Akses Sumber Daya: Sebagian kalangan mungkin melihat keuntungan posisi Gibran sebagai anak presiden dalam memperoleh akses politik yang lebih mudah, terutama ke sumber daya, fasilitas dan dukungan politik yang dapat membantu pasangan Prabowo-Gibran dalam menjalani kampanye yang efektif.
Kontinuitas Stabilitas: Bagi sebagian pemilih, pemilihan Gibran yang anak seorang presiden dapat dianggap sebagai cara tepat untuk melanjutkan kestabilan dan arah kebijakan yang telah ada di bawah kepemimpinan presiden sebelumnya, yaitu kepemimpinan Presiden Jokowi, ayah Gibran sendiri.
Sentimen Negatif:
Nepotisme: Salah satu kritik utama bagi Gibran adalah bahwa pencalonan anak seorang presiden dapat dianggap sebagai contoh nepotisme, di mana seseorang memanfaatkan kedudukan keluarganya untuk mencapai tujuan politik pribadi.
Ketidaksetaraan Peluang: Sentimen negatif mungkin muncul karena sebagian pemilih merasa bahwa anak seorang presiden memiliki peluang yang lebih besar dibandingkan kandidat lain. Hal ini berpotensi menimbulkan sentimen bahwa proses pemilu dianggap tidak adil.
Kekhawatiran Terhadap Integritas: Beberapa pemilih mungkin meragukan integritas Gibran anak seorang presiden dan khawatir bahwa dia dapat memanfaatkan jabatan presiden Jokowi ayahnya itu untuk kepentingan politik pribadi.
Kritik Terhadap Kinerja Orang Tua: Sentimen negatif juga dapat muncul jika pemilih merasa bahwa kinerja pak Presiden Jokowi ayah Gibran tidak lagi memadai atau kontroversial. Dan masyarakat pemilih merasa bahwa Gibran sebagai anggota keluarga Jokowi tersebut tidak pantas untuk meneruskan kepemimpinan ayahnya itu.
Tergantung Suara Rakyat Pemilih
Menyudahi ulasan ini, menurut penulis, situasi kebatinan Gibran sebagai anak presiden dalam turut serta sebagai pasangan capres Prabowo-Gibran di pilpres 2024, memang tidak mudah.

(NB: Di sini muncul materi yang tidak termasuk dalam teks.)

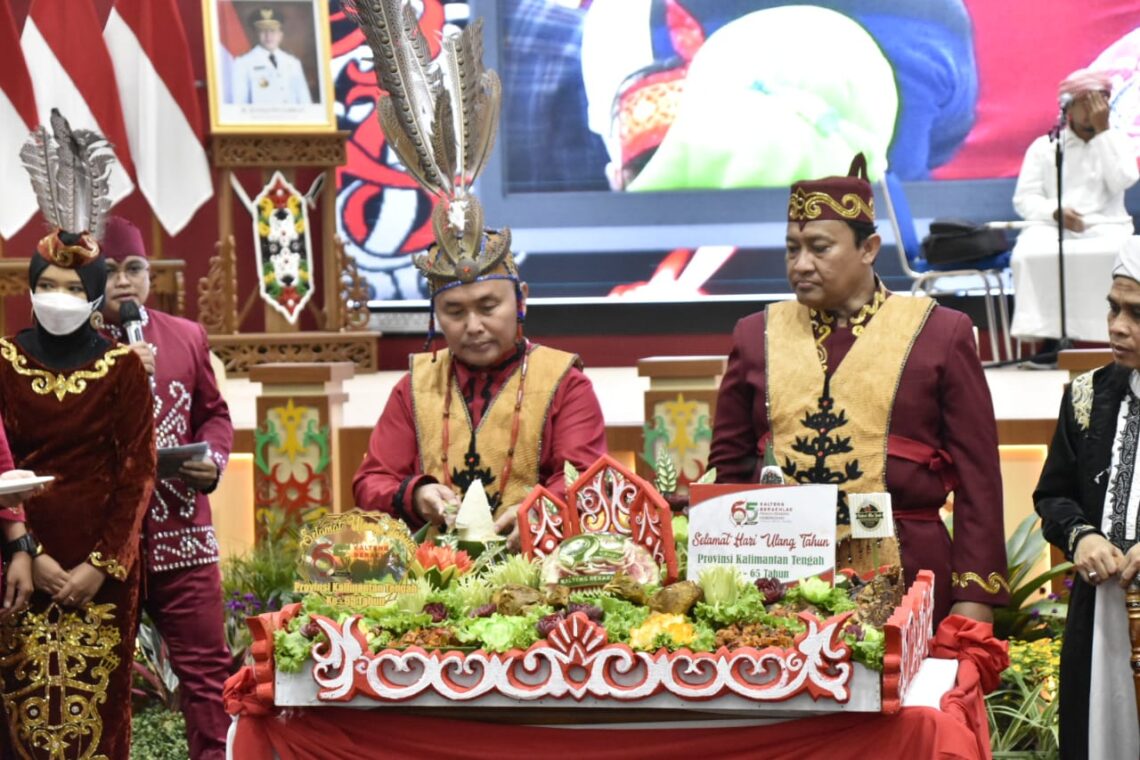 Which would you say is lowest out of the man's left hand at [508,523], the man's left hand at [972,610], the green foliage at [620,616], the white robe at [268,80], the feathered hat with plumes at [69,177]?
Answer: the man's left hand at [972,610]

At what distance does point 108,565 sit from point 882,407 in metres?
1.59

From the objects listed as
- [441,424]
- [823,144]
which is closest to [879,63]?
[823,144]

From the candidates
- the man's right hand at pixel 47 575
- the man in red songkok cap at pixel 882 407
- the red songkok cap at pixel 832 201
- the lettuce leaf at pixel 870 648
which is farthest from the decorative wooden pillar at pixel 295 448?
the lettuce leaf at pixel 870 648

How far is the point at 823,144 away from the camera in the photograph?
946cm

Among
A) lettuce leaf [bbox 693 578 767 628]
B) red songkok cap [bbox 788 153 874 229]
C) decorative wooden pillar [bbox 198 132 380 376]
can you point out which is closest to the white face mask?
red songkok cap [bbox 788 153 874 229]

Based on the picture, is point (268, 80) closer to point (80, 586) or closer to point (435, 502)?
point (80, 586)

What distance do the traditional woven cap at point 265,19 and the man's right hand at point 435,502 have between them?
5963mm

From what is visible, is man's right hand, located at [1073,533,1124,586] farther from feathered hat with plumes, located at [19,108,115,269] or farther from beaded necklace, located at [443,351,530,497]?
feathered hat with plumes, located at [19,108,115,269]

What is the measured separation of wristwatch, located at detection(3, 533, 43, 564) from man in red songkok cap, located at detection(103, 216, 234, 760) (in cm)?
52

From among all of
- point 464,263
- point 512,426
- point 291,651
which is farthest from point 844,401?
point 291,651

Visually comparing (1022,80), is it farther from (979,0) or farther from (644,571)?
(644,571)

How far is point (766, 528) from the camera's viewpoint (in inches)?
97.2

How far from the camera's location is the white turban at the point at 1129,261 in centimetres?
294

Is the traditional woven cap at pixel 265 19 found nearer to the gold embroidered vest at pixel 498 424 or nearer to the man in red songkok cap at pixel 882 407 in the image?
the gold embroidered vest at pixel 498 424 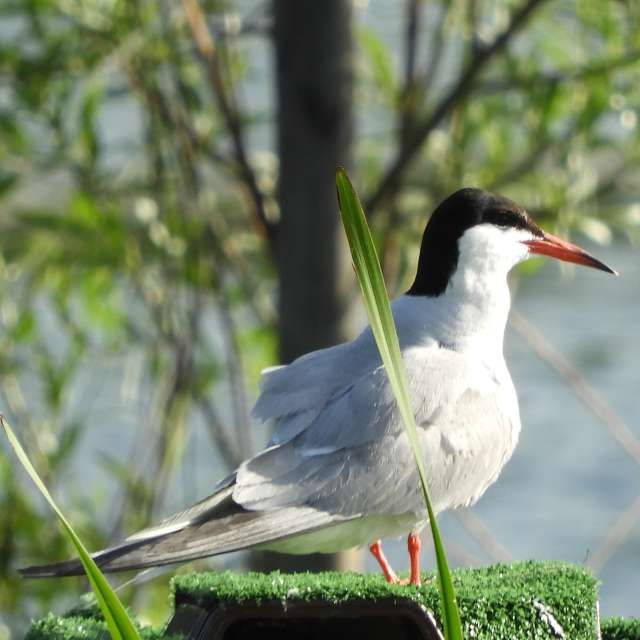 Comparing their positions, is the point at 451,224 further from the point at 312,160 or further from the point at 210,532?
the point at 210,532

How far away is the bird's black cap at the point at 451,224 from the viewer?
3125 mm

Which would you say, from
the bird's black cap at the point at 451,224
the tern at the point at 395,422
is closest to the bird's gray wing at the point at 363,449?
the tern at the point at 395,422

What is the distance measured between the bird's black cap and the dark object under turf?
0.84m

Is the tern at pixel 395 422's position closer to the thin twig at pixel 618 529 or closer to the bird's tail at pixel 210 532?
the bird's tail at pixel 210 532

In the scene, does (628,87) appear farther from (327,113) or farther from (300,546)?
(300,546)

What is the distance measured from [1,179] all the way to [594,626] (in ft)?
7.33

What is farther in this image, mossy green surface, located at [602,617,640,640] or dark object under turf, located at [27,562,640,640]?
mossy green surface, located at [602,617,640,640]

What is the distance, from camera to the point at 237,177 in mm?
4152

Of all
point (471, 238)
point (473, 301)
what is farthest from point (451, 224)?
point (473, 301)

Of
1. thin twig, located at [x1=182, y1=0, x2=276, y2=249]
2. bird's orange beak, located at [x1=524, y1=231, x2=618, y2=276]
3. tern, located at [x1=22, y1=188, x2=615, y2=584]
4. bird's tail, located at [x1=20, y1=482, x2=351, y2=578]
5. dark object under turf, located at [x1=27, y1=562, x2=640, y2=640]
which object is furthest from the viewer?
thin twig, located at [x1=182, y1=0, x2=276, y2=249]

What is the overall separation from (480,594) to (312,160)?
160 centimetres

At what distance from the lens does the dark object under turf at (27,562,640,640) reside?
219 centimetres

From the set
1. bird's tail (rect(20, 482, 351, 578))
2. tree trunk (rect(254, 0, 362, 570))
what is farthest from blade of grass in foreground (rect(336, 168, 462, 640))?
tree trunk (rect(254, 0, 362, 570))

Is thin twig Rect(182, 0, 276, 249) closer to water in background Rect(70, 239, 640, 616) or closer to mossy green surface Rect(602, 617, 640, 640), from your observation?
mossy green surface Rect(602, 617, 640, 640) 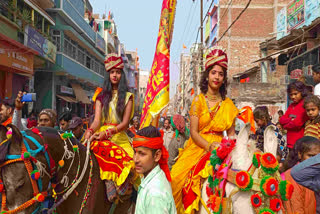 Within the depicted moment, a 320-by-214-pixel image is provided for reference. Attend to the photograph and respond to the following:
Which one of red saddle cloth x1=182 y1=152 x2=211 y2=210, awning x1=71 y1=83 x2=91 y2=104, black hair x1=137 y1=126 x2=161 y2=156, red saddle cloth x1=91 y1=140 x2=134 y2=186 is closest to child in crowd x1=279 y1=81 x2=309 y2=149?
red saddle cloth x1=182 y1=152 x2=211 y2=210

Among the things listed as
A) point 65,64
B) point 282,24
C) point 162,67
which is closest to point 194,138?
point 162,67

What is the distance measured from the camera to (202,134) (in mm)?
3684

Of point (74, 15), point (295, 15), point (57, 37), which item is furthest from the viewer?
point (74, 15)

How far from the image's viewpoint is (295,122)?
5.31 metres

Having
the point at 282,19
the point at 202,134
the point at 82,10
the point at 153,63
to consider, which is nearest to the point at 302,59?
the point at 282,19

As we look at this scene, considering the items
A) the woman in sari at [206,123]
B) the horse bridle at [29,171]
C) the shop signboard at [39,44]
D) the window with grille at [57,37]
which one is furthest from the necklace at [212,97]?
the window with grille at [57,37]

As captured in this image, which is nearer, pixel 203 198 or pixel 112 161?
pixel 203 198

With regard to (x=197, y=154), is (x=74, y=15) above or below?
above

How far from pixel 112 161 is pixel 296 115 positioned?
333cm

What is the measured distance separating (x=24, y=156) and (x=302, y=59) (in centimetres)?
1819

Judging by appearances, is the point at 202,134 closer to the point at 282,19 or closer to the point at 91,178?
the point at 91,178

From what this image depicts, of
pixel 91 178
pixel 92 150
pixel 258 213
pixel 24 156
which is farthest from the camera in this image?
pixel 92 150

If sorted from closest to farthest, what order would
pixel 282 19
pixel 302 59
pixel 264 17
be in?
1. pixel 302 59
2. pixel 282 19
3. pixel 264 17

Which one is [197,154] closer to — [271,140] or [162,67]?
[271,140] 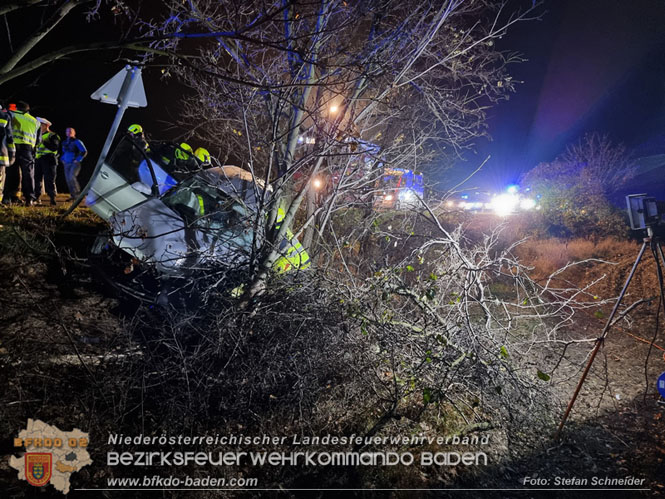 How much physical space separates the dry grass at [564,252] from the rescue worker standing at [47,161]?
11985 millimetres

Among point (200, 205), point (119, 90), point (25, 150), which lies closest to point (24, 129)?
point (25, 150)

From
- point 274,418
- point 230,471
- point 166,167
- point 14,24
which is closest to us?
point 230,471

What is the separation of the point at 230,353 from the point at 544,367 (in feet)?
14.3

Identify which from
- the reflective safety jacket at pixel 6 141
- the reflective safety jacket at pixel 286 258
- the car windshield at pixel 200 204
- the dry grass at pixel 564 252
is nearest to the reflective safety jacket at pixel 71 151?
the reflective safety jacket at pixel 6 141

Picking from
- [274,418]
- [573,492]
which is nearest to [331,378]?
[274,418]

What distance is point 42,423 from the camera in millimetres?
2410

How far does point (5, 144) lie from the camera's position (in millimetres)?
5852

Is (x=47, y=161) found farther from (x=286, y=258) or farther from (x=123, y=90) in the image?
(x=286, y=258)

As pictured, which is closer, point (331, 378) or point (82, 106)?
point (331, 378)

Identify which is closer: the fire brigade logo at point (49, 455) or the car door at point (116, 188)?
the fire brigade logo at point (49, 455)

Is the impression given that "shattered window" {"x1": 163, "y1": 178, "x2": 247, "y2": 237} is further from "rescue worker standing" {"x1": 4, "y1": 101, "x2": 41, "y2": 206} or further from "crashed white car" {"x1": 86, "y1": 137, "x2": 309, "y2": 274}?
"rescue worker standing" {"x1": 4, "y1": 101, "x2": 41, "y2": 206}

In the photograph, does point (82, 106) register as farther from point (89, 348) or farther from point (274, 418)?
point (274, 418)

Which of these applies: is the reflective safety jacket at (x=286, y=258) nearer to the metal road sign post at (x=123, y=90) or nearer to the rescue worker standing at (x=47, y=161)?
the metal road sign post at (x=123, y=90)

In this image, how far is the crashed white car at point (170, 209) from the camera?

Namun penting dicatat bahwa keberhasilan atau kegagalan Gibran dalam pilpres 2024 mendampingi Prabowo ini juga akan ditentukan oleh berbagai faktor lainnya, seperti kampanye, visi politik pasangan capres, kepemimpinan personal, dan kompetensi diri.
Lebih penting lagi, itu semua juga tergantung pada kita rakyat Indonesia semua, mau memilih pasangan ini atau tidak sebagai presiden dan wakil presiden Indonesia 2024-2029. Semua itu tergantung pada Suara rakyat Pemilih. Itu masalahnya!
SELESAI -penulis adalah mantan mahasiswa Fisipol UGM, Yogyakarta. Note: Artikel ini adalah pandangan penulis pribadi, tidak mewakili pandangan politik dari kelompok atau partai politik mana pun di Indonesia.